Scott, the AA gunner who came up here in place of Mafham, is imaginative and yet hard-boiled. Fighter and dreamer! The only other time I've found this quaint combination of contrary characteristics present strongly in anyone was in the strange Jackaman, whom I knew for a while at Richmond Road, Staines (“So you've been through the mill, too!” ... “I took my glasses off and walked back quickly towards him” ... “I saw the fireglow flickering on their faces” ... “To our greatest desires, - may they never be attained!”)

How the whole atmosphere of M1 has changed since so many new faces appeared – to stay or disappear again! Jack Wetherall, “Whacker” Newton, Leslie Scott (he, like the other two is from Liverpool, having served previously in our much-battered brother regiment - 106th Lancashire Yeomanry Regt. RHA), Cliff Mafham, and Sergeant “Bandy” Bransgrove. It's quite a happy family now.

However! I was writing about the disappointing water quest! We had to return almost empty-handed from our long trip; it wasn't altogether fruitless, as we managed get a gallon of sandy water from the “dripping barrel” at the water point. It was dark when we got back to the widely dispersed battery area. Few stars were visible and the new moon had set. We went off the track and wandered bafflingly around for some considerable time. Just as we staggered, worn out, into our wadi, a large number of enemy planes arrived, roaring around and occasionally releasing bombs. A shower of AA shells began to burst overhead, unusually low. Fragments of steel and whole shells descended. The former came with a gentle whirring sound, ending in a faint thud; the latter with a viscous whistle! crash!

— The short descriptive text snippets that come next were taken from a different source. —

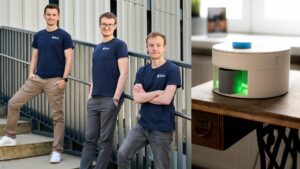 David Abel, Philipp Severin und Alexander Ulmer von Balu und der Medikamentenspender. © Balu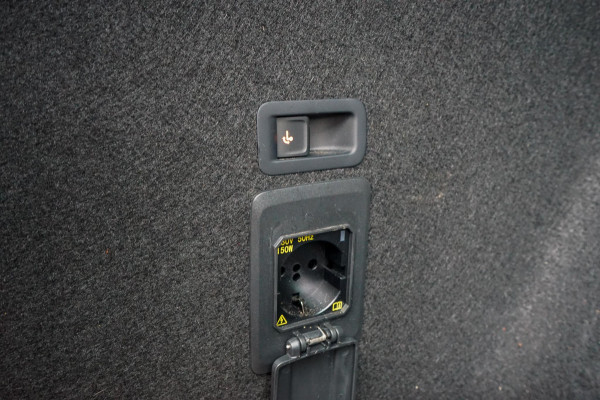 Seat Leon Sportstourer 1.5 eTSI FR Launch Edition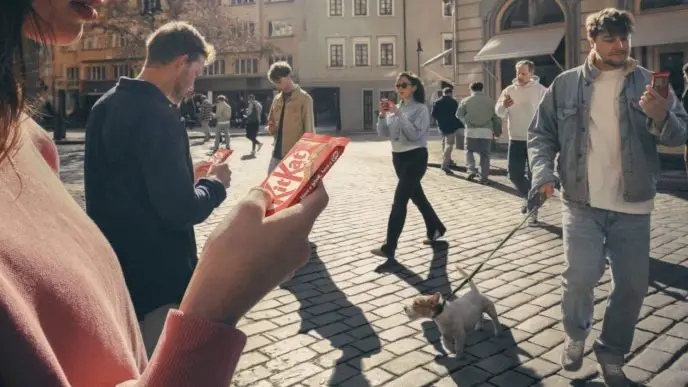 KitKat phone break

Scotty and I sat in the tent (one feels comparatively safe with a sheet of canvas above one!), morosely munching cheese and biscuits. “If a piece of English metal hits you, it does just as much damage as a German or Iti fragment” I remarked gloomily. “It's grim, Steve!” came the voice from the dark. “Definitely” ... “All this shelling, month in month out – bombs – noises and things – must affect your nerves, Steve.”

“Fortunately, the Army training – hateful though it is – deadens your imagination, Scotty. Otherwise we'd feel much worse about all this” “Makes you stolid and sort of wooden, you mean?” “I guess so” “Yes” “Have another biscuit?” “Yes, I'll have one one, please, Steve.”